From the Top In Brief
In its fourth bankruptcy-related ruling of the 2013-14, the U.S. Supreme Court handed down its decision on June 12 in Clark v. Ramaker, 2014 BL 162980 (June 12, 2014). In Clark, the Court considered whether an inherited individual retirement account (“IRA”) is exempt from a bankruptcy estate under section 522(b)(3)(C) of the Bankruptcy Code, which exempts “retirement funds to the extent that those funds are in a fund or account that is exempt from taxation” under certain provisions of the Internal Revenue Code. In 2013, the Seventh Circuit Court of Appeals ruled that an IRA an individual debtor inherited from her mother was not exempt from the debtor’s bankruptcy estate. See Clark v. Rameker, 714 F.3d 559 (7th Cir. 2013), cert. granted, 134 S. Ct. 678 (2013). The Seventh Circuit ruling conflicted with a Fifth Circuit decision (Chilton v. Moser (In re Chilton), 674 F.3d 486 (5th Cir. 2012)), and the Supreme Court granted certiorari in Clark on November 26, 2013 to resolve the circuit split.
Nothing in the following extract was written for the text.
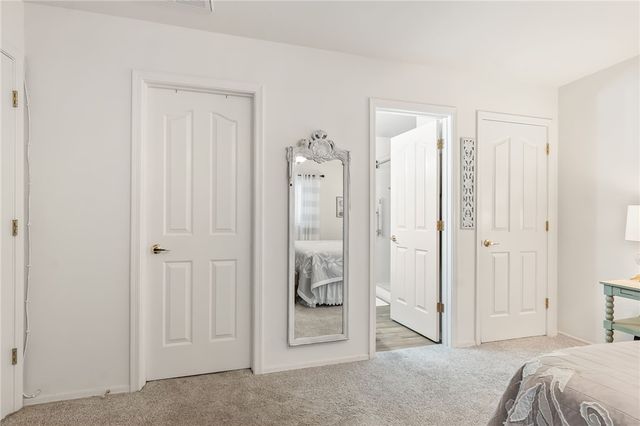 2464 N Ridge Avenue, Bullhead City, AZ 86429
Writing for a unanimous Supreme Court, Justice Sonya Sotomayor explained that inherited IRAs do not have the same characteristics as other types of IRAs, such as traditional and Roth IRAs, established by a debtor and are not designed for retirement. Traditional and Roth IRAs established by debtors, she wrote, are designed to allow debtor account owners to accumulate funds “to ensure that debtors will be able to meet their basic needs during their retirement years.” The funds may not be withdrawn without penalty until an account owner reaches retirement age. By contrast, the holder of an inherited IRA account: (i) may never invest additional funds in the account; (ii) must withdraw money from the account either annually or in a lump sum, regardless of the holder’s age or proximity to retirement; and (iii) may withdraw the entire balance of the account at any time—and for any purpose—without penalty.
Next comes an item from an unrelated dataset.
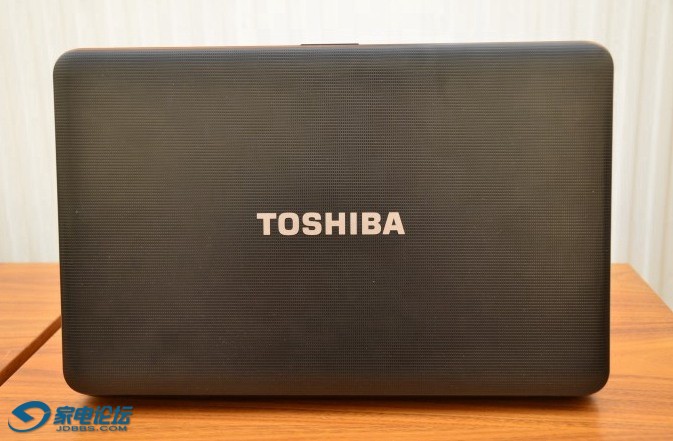 DSC_1096 Small_zpssuw84s7v.jpg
Justice Sotomayor agreed with the Seventh Circuit’s observation that an inherited IRA constitutes “a pot of money that can be freely used for current consumption.” Because of this important distinction, the Supreme Court affirmed the decision below, ruling that funds held in an inherited IRA do not qualify as “retirement funds” that are exempt from an account holder’s estate under section 522(b)(3)(C) of the Bankruptcy Code.
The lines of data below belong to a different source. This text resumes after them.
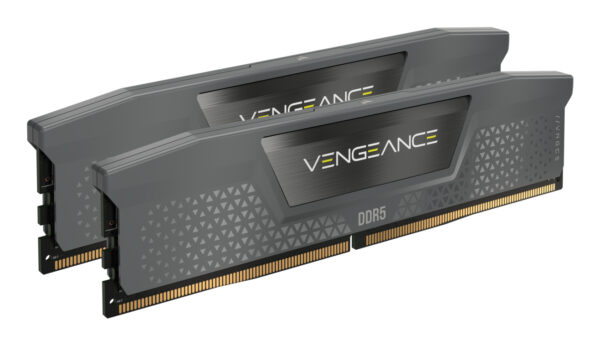 Vengeance módulo de memoria 32 GB 2 x 16 GB DDR5 5200 MHz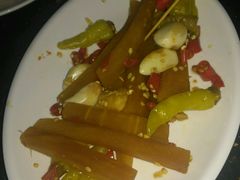 -MJ.PARTY.派对.KTV(南宁西乡塘店)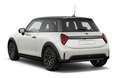 MINI Cooper S 3T Favoured Trim DKG Navi HuD LED DAB Weiß - thumbnail 2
A discussion of the Supreme Court’s third bankruptcy ruling of 2014 (Executive Benefits Insur. Agency v. Arkison, 2014 BL 158582 (June 9, 2014)) can be found elsewhere in this edition of the Business Restructuring Review. The two prior Supreme Court bankruptcy-related rulings in 2014 are briefly discussed here.
On July 1, 2014, the Court granted certiorari in Wellness Int'l Network Ltd. v. Sharif, No. 13-935, 2014 BL 182626 (July 1, 2014), where the Court will be asked once again to decide whether Article III of the U.S. Constitution permits the exercise of the judicial power of the U.S. by a bankruptcy court on the basis of litigant consent—a question that the Court left unanswered in its recent ruling in Executive Benefits Ins. Agency v. Arkison.